Laboratory of Theoretical Biophysics, School of Physical Science and Technology, Inner Mongolia University, Hohhot 010021, China.
Genomics. 2013 Oct;102(4):215-22. doi: 10.1016/j.ygeno.2013.07.009. Epub 2013 Jul 25.
For a successful RNA interference (RNAi) experiment, selecting the small interference RNA (siRNA) candidates which maximize the knock down effect of the given gene is the critical step. Although various computational approaches have been attempted, the design of efficient siRNA candidates is far from satisfactory yet. In this study, we proposed a novel feature selection algorithm of combined random forest and support vector machine to predict active siRNAs. Using a publically available dataset, we demonstrated that the predictive accuracy would be markedly improved when the context sequence features outside the target site were included. The Pearson correlation coefficient for regression is as high as 0.721, compared to 0.671, 0.668, 0.680, and 0.645, for Biopredsi, i-score, ThermoComposition21 and DSIR, respectively. It revealed that siRNA-target interaction requires appropriate sequence context not only in the target site but also in a broad region flanking the target site.

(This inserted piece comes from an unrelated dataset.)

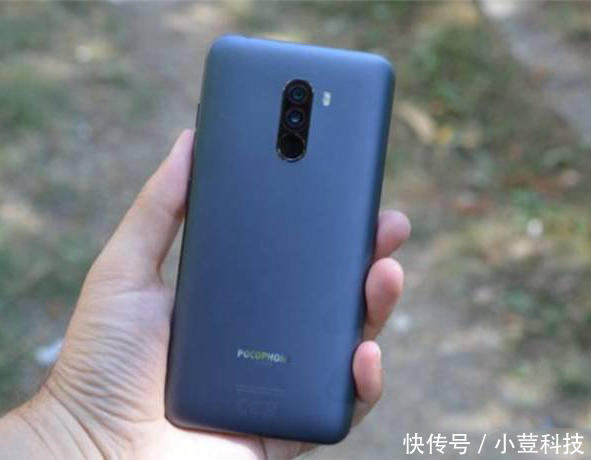 为什么华为手机的国外售价 都高于国内?不学小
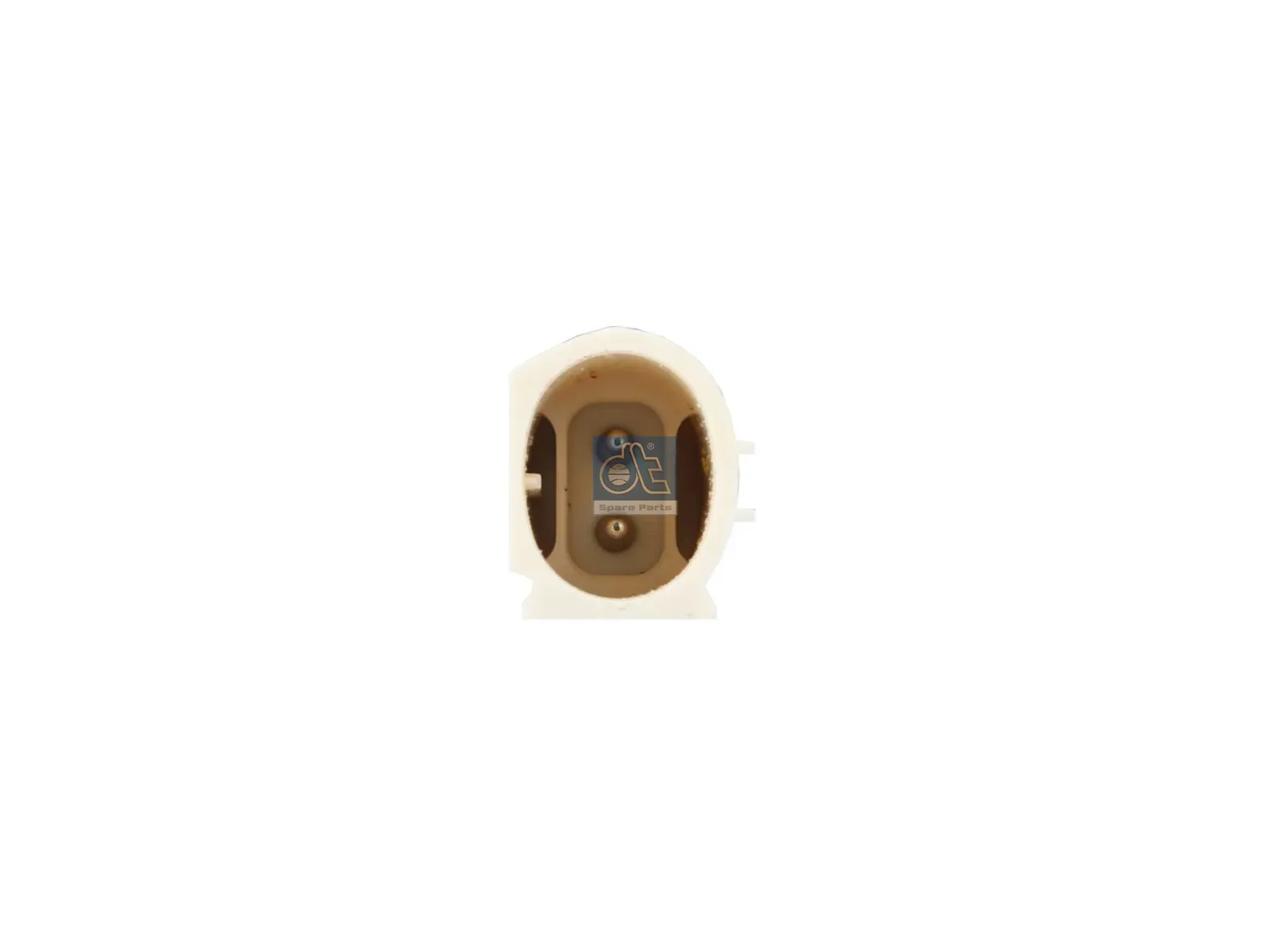 Valve d'injection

要成功进行 RNA 干扰 (RNAi) 实验,选择最大限度降低给定基因敲低效果的小干扰 RNA (siRNA) 候选物是关键步骤。尽管已经尝试了各种计算方法,但有效的 siRNA 候选物的设计远未令人满意。在这项研究中,我们提出了一种新的随机森林和支持向量机相结合的特征选择算法,用于预测活性 siRNA。使用公开可用的数据集,我们证明了当包括靶位点以外的上下文序列特征时,预测准确性会显著提高。回归的 Pearson 相关系数高达 0.721,而 Biopredsi、i-score、ThermoComposition21 和 DSIR 的 Pearson 相关系数分别为 0.671、0.668、0.680 和 0.645。这表明 siRNA-靶相互作用不仅需要靶位点内,还需要靶位点侧翼的广泛区域中的适当序列上下文。